JOURNAL
Body Talk with Chelsea Miller
My sister and I have an understanding. We are just there whenever, wherever, whatever. Name it, you got it. That said, we barely ask a thing of the other, then occasionally cash in all our chips. Sometimes the only person who can help is a sister. Just knowing she is out there, a woman who grew up in the same household at the same time is a pure comfort to me. Taking her picture is something we both love. I see so much of her that someone with less of a personal connection would never see, could never see. I know all her insecurities, that tiny waist that blows my mind, I see that little curl of her lip, that look in her eye that means she’s about to completely lose composure. Sometimes I even wait for it, because that’s when she shakes it out has a laugh and relaxes. It was my absolute pleasure to shoot her in Dôen, a brand that I’ve become so close to - one that understands how to dress sisters with completely different body types, and make us both feel like we are wearing clothes specifically designed for us. Take it away Chels.
– Alyssa Miller
"I grew up as the “fat girl”, which in retrospect is so strange as I was actually an incredibly athletic size 10. But it was inevitably the first thing I was called when I was fighting with any of my friends, or if I embarrassed a boy. I had many boys tell me I had a pretty face though. I once heard two boys sitting outside my friend's window, waiting for us to sneak out and hang out with them, discussing how I’d be perfect if they could only put my face & personality on my friend’s body.
I grew up in the prime years of diet culture, and I don’t know that I’ve ever not been “on a diet”. EVERY SINGLE woman in my life growing up talked about how fat they were and what they were doing to fix their bodies.

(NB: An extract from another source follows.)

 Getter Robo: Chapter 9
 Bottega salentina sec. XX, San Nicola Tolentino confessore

Have you ever felt judged for eating because of your size? I have, I still do, I still to this day struggle with eating “bad food” in public or in front of people who I think might judge me or people who are thin. When I was in junior high I started sneaking food into my room and eating at night so people wouldn’t see me eat. I would eat little to nothing during the day, then in the privacy of my own room I’d binge and hide the wrappers under my mattress.

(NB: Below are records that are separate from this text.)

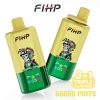 FIHP 60000 Puffs 3 in 1 Triple Flavors 01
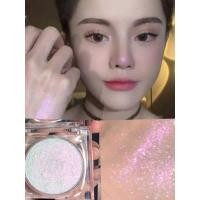 ราคา High Gloss Monochrome Glitter Brightening Eyeshadow All-in-One Palette Skin Tone Fairy Three-Dimens (44322227487)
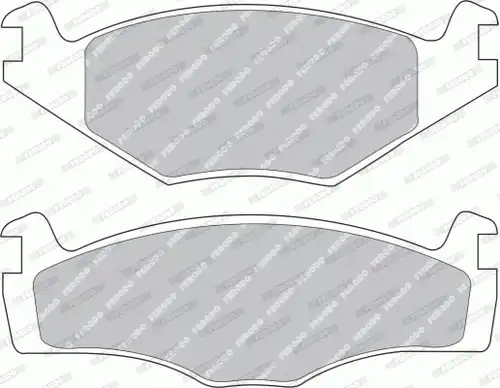 накладки FERODO FDB419G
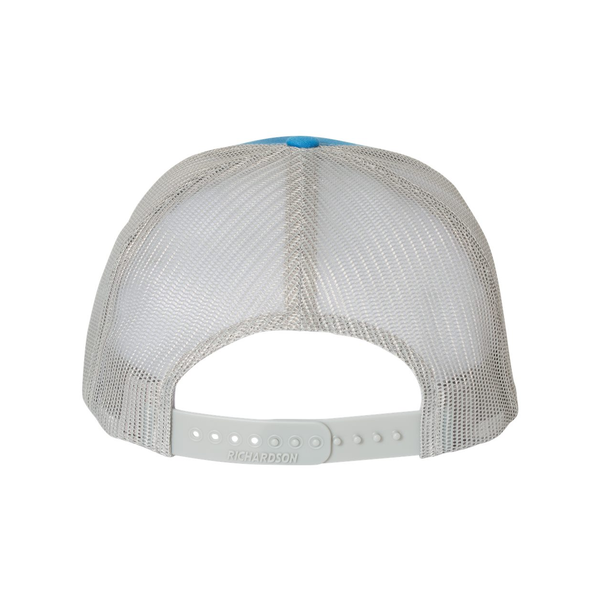Richardson® Five-Panel Structured Trucker Cap
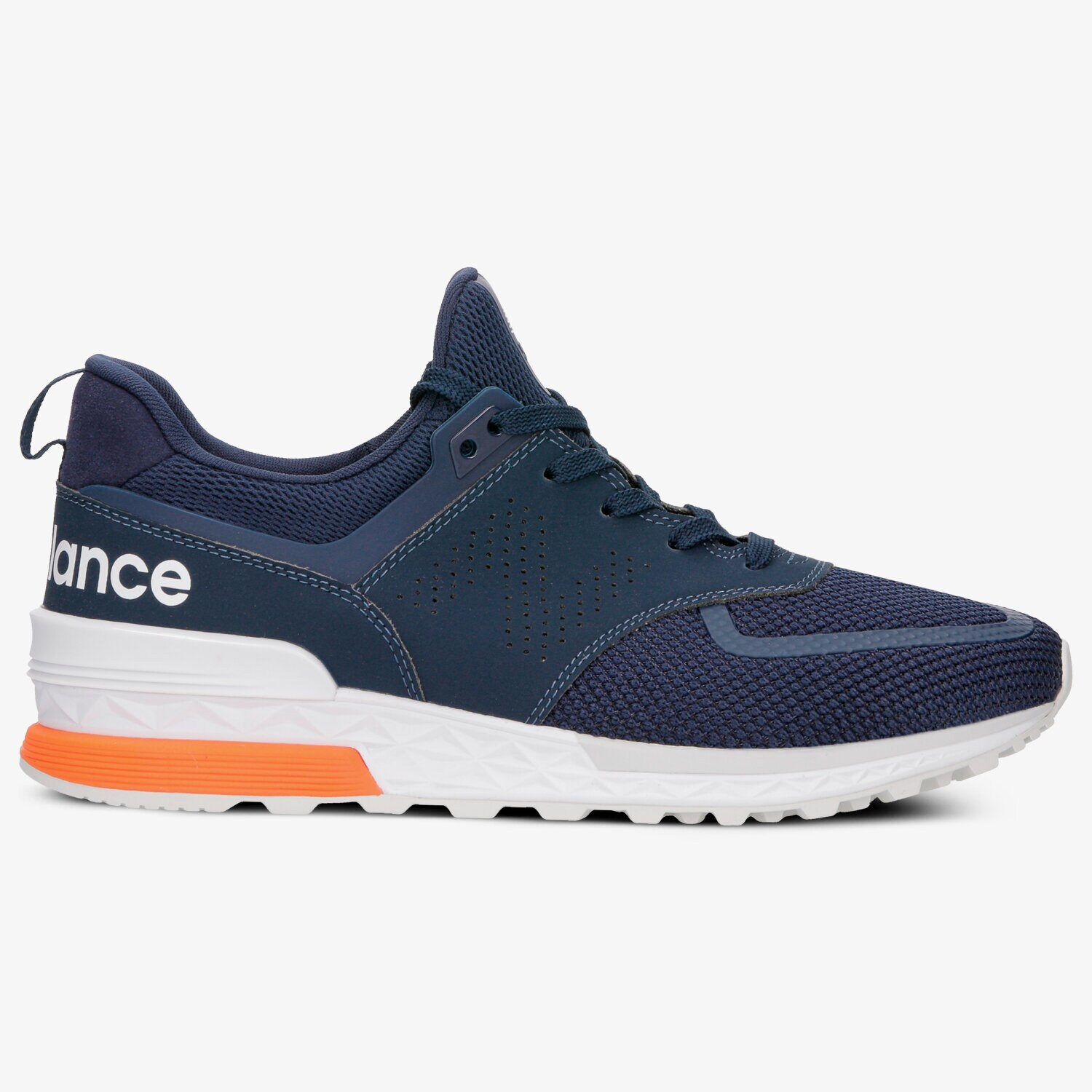 Herren Sneaker NEW BALANCE MS574PCN MS574PCN Dunkelblau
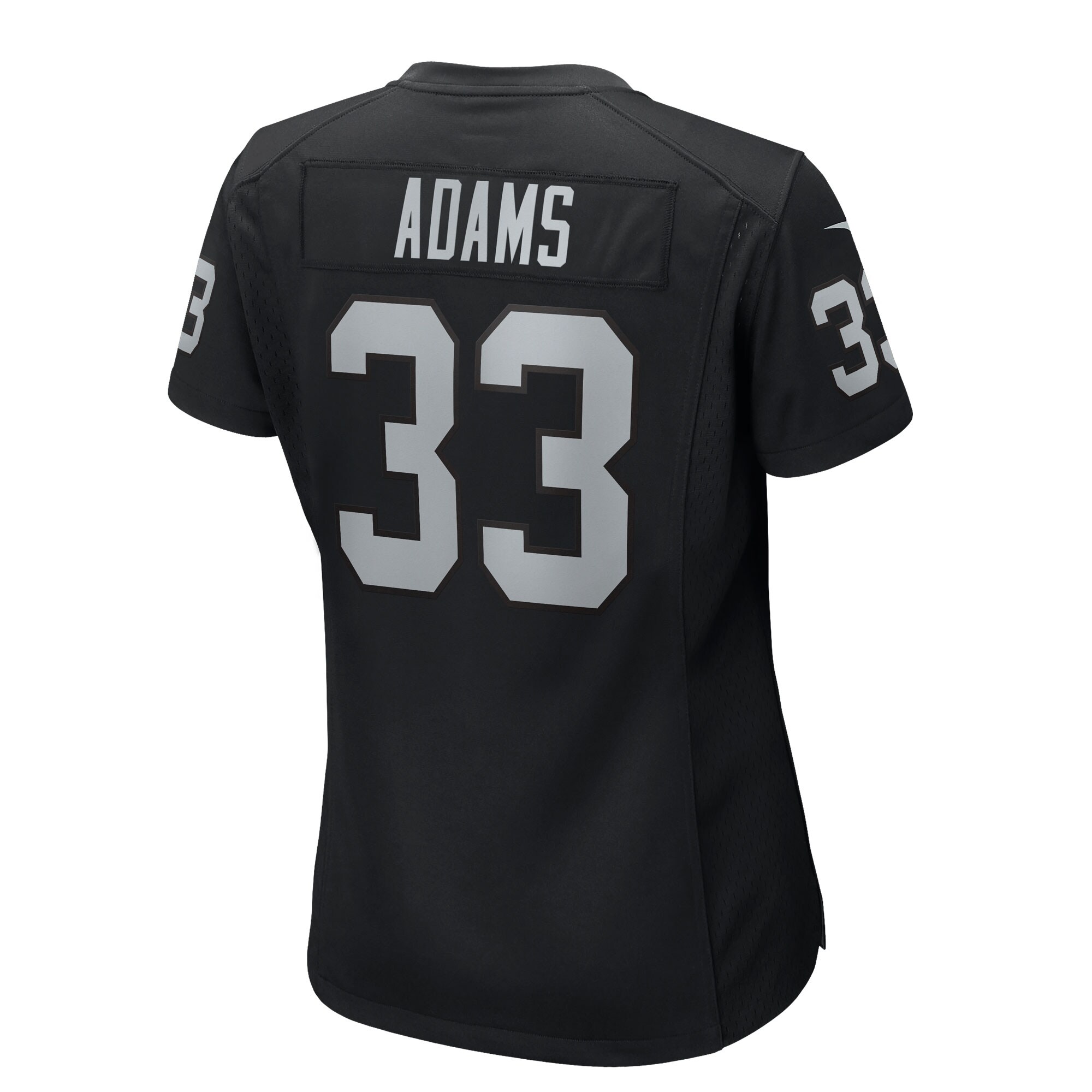 Jamal Adams Las Vegas Raiders Nike Women’s Team Game Jersey – Black Clowdercats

I’ve struggled with accepting my body for nearly my entire life.
I don’t tell you all of this to make you feel bad for me, I don’t feel bad for me. I tell you this in hopes of change, a change in the way we talk about ourselves, the way we teach our children to talk about themselves and to others, the way we think about others.
I will never again let my body hold me back, I will never let my body insecurities keep me from enjoying life and following my dreams.
I am currently living some of my wildest dreams, I am a model! What? The fat girl in school is a model?! I have people tell me I am glorifying and promoting obesity because I am not afraid to feel comfortable in a bikini? I am no longer afraid to embrace myself, my size, my body, in fear of making others feel uncomfortable. I will no longer shrink myself to make them comfortable. I've been uncomfortable with my body for long enough. If it makes you uncomfortable, you can sit with that for a few hours on the beach, I’ve done it for years.
The one thing I’m tired of hearing, is that people who know nothing about me are concerned for my health. They are concerned that I am killing myself with a poor diet and no activity and I am suggesting other people do the same. In reality, I am promoting self love and body positivity. There are many definitions for body positive, but for me, it is accepting and appreciating my body in the moment and in all the stages of my life. It means that I try to remember that there is so much more to me and to others than just our outward appearances. Our worth has no direct correlation to our physicality.
In my body love practice I nourish it with delicious and nutritious foods, and I am active 4-6 days a week. But my health looks different than your health, and yours looks different than your best friend's. Health cannot be measured by a photo, an Instagram feed, or laying on a beach.
You only get one life, one body, treat it well, treat it with kindness and enjoy it!"